(Beginning of TASK INPUTS)
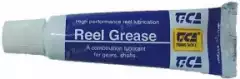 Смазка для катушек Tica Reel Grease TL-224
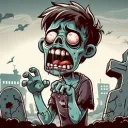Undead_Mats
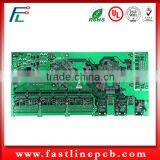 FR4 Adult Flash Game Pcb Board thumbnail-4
(End of TASK INPUTS)
(Beginning of TASK INPUTS)
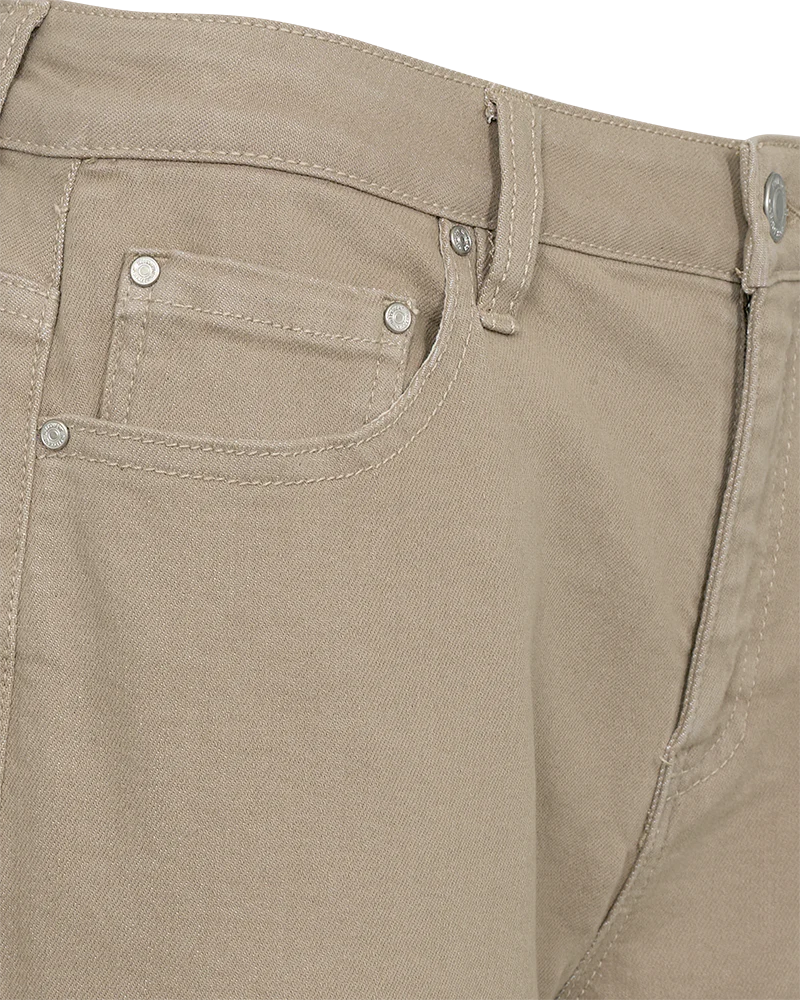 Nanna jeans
(End of TASK INPUTS)
(Beginning of TASK INPUTS)
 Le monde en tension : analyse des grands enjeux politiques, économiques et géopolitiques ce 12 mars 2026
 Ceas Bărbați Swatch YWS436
(End of TASK INPUTS)
**WHAT IS NEEDED**
Restate word for word every line from the one with "Undead_Mats" up to and including the one with "FR4 Adult Flash Game Pcb Board thumbnail-4" in the records above, minus the pictures.

**RESULT**
Undead_Mats
 FR4 Adult Flash Game Pcb Board thumbnail-4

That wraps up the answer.